=== The task ===
A word-for-word copy of the data, with no images, is the required answer.

Start of Provided data

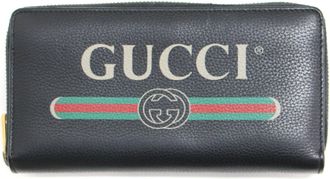 Gucci Black Leather Long Wallet (Bi-Fold) (Pre-Owned)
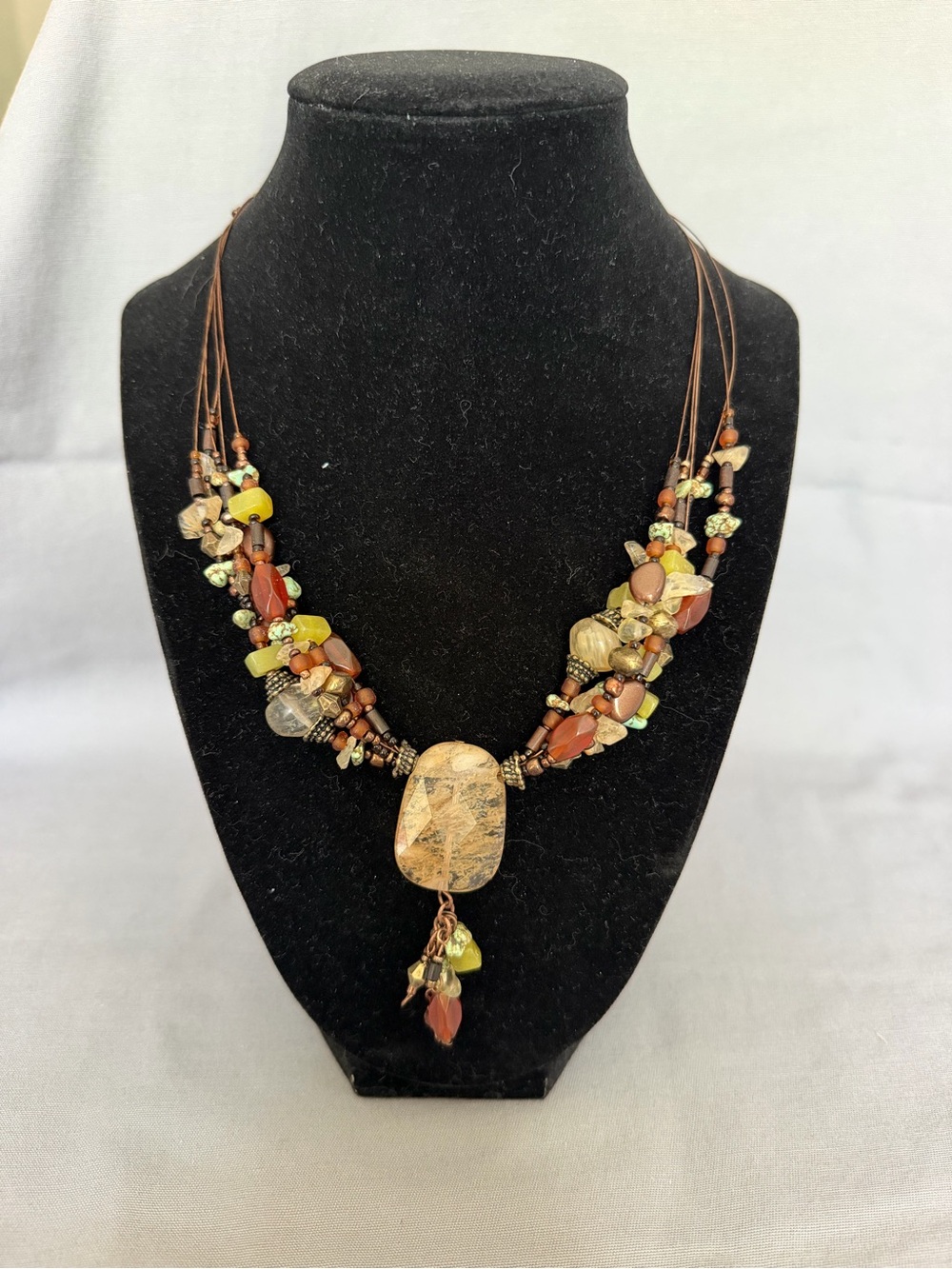 Coldwater Creek Vintage Boho Multi-Strand Gemstone Statement Necklace - Picture 1 of 5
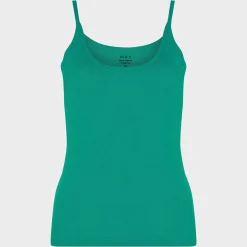 Outlet Ladies Essential Spaghetti Vest Emerald Women Basics | Vests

End of Provided data

=== Task response ===
 Gucci Black Leather Long Wallet (Bi-Fold) (Pre-Owned)
 Coldwater Creek Vintage Boho Multi-Strand Gemstone Statement Necklace - Picture 1 of 5
 Outlet Ladies Essential Spaghetti Vest Emerald Women Basics | Vests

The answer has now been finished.